Anti-slavery fairs were meetings in the 1830s through 1860s where American abolitionists, particularly women, sold goods and distributed and discussed anti-slavery ideas.

== Early anti-slavery gatherings ==
Sewing circles provided women with intense exposure to anti-slavery literature, slogans, and leaders. These circles were most prominent from 1835 to 1860. Women involved in these circles had an extreme devotion to them. Many of the women devoted to abolition were very religious, particularly different denominations of Christianity. Their belief and understanding of slavery was that it was not moral in their religion. What started out as small sewing circles grew into larger fairs.

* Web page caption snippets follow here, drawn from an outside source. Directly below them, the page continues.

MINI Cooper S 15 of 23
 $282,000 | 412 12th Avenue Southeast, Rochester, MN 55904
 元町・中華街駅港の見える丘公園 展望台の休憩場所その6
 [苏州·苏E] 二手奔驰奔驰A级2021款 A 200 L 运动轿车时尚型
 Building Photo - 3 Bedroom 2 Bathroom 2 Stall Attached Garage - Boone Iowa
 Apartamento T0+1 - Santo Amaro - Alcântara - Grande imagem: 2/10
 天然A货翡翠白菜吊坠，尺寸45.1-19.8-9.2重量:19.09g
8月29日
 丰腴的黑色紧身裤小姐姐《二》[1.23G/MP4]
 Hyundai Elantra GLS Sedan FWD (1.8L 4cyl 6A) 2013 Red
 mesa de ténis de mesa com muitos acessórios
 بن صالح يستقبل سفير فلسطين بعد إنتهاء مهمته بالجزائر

Eventually, anti-slavery propaganda was spread alongside the selling of baked goods, clothing items, and common household items. This resulted in it being difficult for even non-committed attendees at the fairs to ignore the central message of abolition. Customers of all ages, genders, and races were exposed to the message of anti-slavery through these fairs as they came to buy homemade and manufactured goods. As fairs became larger, they moved from homes and churches into hotels, stores, and meeting halls.

== Growing support ==
The Boston and Philadelphia fairs were sponsors for the first anti-slavery sales in 1834 and 1836. Smaller fairs were able to donate and sell items at the larger fairs like Boston and Philadelphia which provided advertisement for the message of anti-slavery as well as helped smaller fairs rise among the Northeast. By 1848 Boston, Philadelphia, and several smaller fairs received material and moral support from anti-slavery advocates in Ireland, Scotland, and Britain. Selling foreign goods helped to boost attendance from the general public to the fairs. Sales of British goods brought in almost half of the Boston Female Anti-Slavery Society’s treasury‘s income in the 1850s. Women in charge of organizing the fairs continued to call for even more support by inviting all people to participate by donating or selling their goods. These could include dry goods, products from a farm or garden, sewn items, toys, books, or art. Larger anti-slavery groups, like the one in Philadelphia also made efforts to support smaller sewing circles that gained popularity in the West as well, like in Ohio. Larger fairs made sure to publish notes of thanks for all smaller sewing circles that contributed goods to encourage them and thank them for their support.

== Intersectionality of anti-slavery fairs ==
Middle class white women played the biggest role in the organization of these fairs. However, black women often contributed homemade goods to be sold and white men often donated money or goods to be sold as well. This allowed for men and women both black and white to work and socialize together, which the abolitionists saw as a way to break down racial and gender barriers in public spaces. Anti-slavery fairs were a way that women, especially in the Northeast United States, pushed the bounds of "separate spheres" for men and women. The voluntary work of women at these fairs gave women a stronger voice in politics and a stronger influence in the local economies.

== Contributors ==
The Weston sisters were a group that contributed largely to the anti-slavery cause. They were educated, middle class, white women from Weymouth, Massachusetts. One of the sisters, Maria Weston Chapman, married an abolitionist that helped connect the other five sisters, who never married, to the anti-slavery movement. They became leaders in the Boston female Anti-Slavery Society where they became very influential despite resistance towards women performing activism in public spaces. Maria Weston Chapman also was an editor of the Liberty Bell! which published essays, stories, and poems about slaves and abolition. Much of the success that Maria Weston Chapman brought to the anti-slavery fairs that she was involved in can be attributed to her extensive connections with wealthy families throughout Boston and much of Massachusetts.